Iota Cephei

Observation data Epoch J2000 Equinox ICRS
- Constellation: Cepheus
- Right ascension: 22^{h} 49^{m} 40.817^{s}
- Declination: +66° 12′ 01.46″
- Apparent magnitude (V): 3.507

Characteristics
- Evolutionary stage: red clump
- Spectral type: K0 III
- U−B color index: +0.924
- B−V color index: +1.053

Astrometry
- Radial velocity (R_{v}): −12.763±0.0008 km/s
- Proper motion (μ): RA: −65.89 mas/yr Dec.: −125.17 mas/yr
- Parallax (π): 28.29±0.10 mas
- Distance: 115.3 ± 0.4 ly (35.3 ± 0.1 pc)
- Absolute magnitude (M_{V}): 0.76

Details
- Mass: 2.15±0.23 M_{☉}
- Radius: 11.02±0.09 R_{☉}
- Luminosity: 57.0±0.6 L_{☉}
- Surface gravity (log g): 2.69±0.06 cgs
- Temperature: 4,768±33 K
- Metallicity [Fe/H]: +0.05±0.10 dex
- Rotational velocity (v sin i): 10 km/s
- Age: 1.2±0.6 Gyr
- Other designations: ι Cep, 32 Cep, BD+65°1814, HD 216228, HIP 112724, HR 8694, SAO 20268

Database references
- SIMBAD: data

= Iota Cephei =

Star in the constellation Cepheus

Iota Cephei is a star in the northern constellation Cepheus.
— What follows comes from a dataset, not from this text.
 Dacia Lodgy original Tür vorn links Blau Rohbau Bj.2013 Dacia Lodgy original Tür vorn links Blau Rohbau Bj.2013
Its name is a Bayer designation that is Latinized from ι Cephei, and abbreviated Iota Cep or ι Cep. Based upon an annual parallax shift of 28.29 mas as seen from the Earth, it is located about 115 ly from the Sun. The star is visible to the naked eye with an apparent visual magnitude of 3.5.

It is a K-type giant star with a stellar classification of K0 III. It is currently at an evolutionary stage known as the red clump, indicating that it is generating energy through the fusion of helium at its core. It has 11 times the Sun's radius and about 2.15 times the mass of the Sun. Its luminosity is 57 times that of the Sun, and its surface has an effective temperature of 4,768 K.

==Pole star==

Iota Cephei is located within 5° of the precessional path traced across the celestial sphere by the Earth's North pole. In about 3,000 years, it will be one of the closest visible stars to the celestial north pole, along with Alfirk which will also be within 5° of the precessional path, on the other side.